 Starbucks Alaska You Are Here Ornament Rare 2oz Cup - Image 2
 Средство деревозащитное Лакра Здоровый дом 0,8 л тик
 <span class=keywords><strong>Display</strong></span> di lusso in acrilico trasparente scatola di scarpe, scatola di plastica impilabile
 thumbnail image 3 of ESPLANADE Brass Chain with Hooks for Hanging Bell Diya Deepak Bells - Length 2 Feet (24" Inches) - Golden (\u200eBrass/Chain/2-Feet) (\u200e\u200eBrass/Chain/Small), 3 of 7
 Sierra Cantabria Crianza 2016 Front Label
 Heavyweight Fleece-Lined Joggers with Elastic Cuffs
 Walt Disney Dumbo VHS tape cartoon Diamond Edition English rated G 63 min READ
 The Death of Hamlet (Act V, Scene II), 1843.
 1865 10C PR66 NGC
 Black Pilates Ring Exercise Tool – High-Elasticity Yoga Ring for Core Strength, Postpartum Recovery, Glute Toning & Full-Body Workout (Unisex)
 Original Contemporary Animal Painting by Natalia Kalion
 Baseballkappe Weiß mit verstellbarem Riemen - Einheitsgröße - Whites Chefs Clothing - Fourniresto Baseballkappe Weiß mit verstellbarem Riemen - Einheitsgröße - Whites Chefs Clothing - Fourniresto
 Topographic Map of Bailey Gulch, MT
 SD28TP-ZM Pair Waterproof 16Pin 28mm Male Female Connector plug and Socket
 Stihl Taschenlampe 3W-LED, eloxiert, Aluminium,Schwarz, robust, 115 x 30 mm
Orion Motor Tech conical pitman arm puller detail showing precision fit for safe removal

= = =

● What is needed:
In the records above, find the line with "- Fourniresto Baseballkappe"; write out exactly that line and each one after it, stopping after the line with "SD28TP-ZM Pair Waterproof".

● Output for this exercise:
 Baseballkappe Weiß mit verstellbarem Riemen - Einheitsgröße - Whites Chefs Clothing - Fourniresto Baseballkappe Weiß mit verstellbarem Riemen - Einheitsgröße - Whites Chefs Clothing - Fourniresto
 Topographic Map of Bailey Gulch, MT
 SD28TP-ZM Pair Waterproof 16Pin 28mm Male Female Connector plug and Socket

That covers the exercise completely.